[Opening DATA EXTRACT section]
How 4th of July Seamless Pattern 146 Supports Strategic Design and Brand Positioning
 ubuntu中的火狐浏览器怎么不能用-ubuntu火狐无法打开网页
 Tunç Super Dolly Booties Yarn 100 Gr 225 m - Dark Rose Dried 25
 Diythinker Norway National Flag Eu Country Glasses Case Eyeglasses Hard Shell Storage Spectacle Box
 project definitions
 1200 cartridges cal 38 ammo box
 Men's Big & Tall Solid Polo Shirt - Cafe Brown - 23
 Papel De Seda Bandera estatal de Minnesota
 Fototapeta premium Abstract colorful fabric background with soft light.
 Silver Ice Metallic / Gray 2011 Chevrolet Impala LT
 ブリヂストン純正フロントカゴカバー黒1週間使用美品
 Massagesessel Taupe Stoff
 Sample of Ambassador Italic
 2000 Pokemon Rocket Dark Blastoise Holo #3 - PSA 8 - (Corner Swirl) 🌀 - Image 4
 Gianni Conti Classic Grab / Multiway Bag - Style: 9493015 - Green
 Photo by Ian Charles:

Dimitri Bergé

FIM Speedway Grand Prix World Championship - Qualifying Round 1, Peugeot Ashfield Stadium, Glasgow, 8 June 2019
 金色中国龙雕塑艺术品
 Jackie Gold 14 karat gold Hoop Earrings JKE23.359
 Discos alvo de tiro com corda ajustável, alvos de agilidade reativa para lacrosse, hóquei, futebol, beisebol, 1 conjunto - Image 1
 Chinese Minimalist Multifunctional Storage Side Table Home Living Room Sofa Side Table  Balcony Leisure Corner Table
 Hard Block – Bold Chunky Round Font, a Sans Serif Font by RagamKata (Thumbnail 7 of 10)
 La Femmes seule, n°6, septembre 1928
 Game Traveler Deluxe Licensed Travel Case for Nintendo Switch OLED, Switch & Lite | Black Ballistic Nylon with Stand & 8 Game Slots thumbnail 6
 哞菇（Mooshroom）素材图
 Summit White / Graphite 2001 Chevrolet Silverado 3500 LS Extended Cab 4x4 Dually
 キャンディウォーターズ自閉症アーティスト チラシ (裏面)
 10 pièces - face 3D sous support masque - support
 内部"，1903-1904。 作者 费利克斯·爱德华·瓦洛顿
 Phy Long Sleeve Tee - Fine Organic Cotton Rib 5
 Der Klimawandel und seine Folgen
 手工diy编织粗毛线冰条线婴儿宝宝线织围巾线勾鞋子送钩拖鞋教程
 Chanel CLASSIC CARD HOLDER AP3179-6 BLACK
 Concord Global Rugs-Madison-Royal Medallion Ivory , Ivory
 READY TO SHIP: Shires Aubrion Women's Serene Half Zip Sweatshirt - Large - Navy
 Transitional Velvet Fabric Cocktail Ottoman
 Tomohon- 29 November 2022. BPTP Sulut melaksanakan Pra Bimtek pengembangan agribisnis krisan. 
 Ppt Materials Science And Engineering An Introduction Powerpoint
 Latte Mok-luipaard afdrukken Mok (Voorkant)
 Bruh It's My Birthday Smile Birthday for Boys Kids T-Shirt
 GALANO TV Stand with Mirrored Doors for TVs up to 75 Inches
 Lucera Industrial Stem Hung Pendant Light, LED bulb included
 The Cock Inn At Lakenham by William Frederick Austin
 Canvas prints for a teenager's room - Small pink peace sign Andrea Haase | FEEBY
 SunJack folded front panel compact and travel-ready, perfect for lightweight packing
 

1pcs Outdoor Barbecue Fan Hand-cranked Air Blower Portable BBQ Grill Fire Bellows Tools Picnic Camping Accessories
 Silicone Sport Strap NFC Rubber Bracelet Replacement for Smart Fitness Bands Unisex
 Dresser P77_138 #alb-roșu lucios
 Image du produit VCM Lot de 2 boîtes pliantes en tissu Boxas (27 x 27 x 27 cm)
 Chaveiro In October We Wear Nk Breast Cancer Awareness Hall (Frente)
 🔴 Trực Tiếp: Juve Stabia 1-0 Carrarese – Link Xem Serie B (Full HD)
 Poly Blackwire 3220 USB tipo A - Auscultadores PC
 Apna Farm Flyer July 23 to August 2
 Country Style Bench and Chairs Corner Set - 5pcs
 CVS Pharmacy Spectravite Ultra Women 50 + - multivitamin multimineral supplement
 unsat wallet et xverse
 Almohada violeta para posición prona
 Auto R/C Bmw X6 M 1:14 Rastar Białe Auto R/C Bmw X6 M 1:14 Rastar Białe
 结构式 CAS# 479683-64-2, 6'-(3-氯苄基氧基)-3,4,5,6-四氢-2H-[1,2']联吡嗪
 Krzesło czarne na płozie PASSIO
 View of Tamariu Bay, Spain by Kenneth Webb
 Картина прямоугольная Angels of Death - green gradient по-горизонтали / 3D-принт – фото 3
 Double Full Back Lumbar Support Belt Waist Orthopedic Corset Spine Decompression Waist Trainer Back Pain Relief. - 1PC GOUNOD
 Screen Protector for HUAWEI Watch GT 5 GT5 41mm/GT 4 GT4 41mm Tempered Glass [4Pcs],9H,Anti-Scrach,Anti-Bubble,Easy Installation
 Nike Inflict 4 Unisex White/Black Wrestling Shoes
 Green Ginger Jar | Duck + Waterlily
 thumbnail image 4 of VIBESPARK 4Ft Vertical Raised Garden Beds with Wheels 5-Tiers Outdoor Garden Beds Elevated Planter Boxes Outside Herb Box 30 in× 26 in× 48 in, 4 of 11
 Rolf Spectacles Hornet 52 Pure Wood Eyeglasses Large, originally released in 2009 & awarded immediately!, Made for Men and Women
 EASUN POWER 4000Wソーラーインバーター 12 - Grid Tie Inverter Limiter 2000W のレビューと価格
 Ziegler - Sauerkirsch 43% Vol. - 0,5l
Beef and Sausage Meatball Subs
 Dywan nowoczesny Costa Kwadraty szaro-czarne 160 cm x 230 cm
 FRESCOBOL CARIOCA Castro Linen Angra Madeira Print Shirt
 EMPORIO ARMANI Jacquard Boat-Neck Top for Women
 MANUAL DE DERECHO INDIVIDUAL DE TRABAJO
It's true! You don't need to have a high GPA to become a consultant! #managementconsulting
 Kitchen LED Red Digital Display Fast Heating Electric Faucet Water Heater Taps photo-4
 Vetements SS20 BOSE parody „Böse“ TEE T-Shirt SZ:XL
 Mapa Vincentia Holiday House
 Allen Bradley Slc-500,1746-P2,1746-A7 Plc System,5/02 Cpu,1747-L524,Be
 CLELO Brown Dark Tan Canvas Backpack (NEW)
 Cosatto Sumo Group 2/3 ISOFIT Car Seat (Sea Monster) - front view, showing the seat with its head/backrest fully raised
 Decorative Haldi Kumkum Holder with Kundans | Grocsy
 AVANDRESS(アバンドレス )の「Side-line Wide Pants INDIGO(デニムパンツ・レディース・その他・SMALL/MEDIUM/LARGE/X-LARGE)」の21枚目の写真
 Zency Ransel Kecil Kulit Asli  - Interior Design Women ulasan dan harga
[Closing DATA EXTRACT section]
■ TASK TO CARRY OUT ■
An exact number is called for here: how many lines across the records contain the word "Design". Nothing else belongs in the answer.

■ OUTPUT OF THE TASK ■
2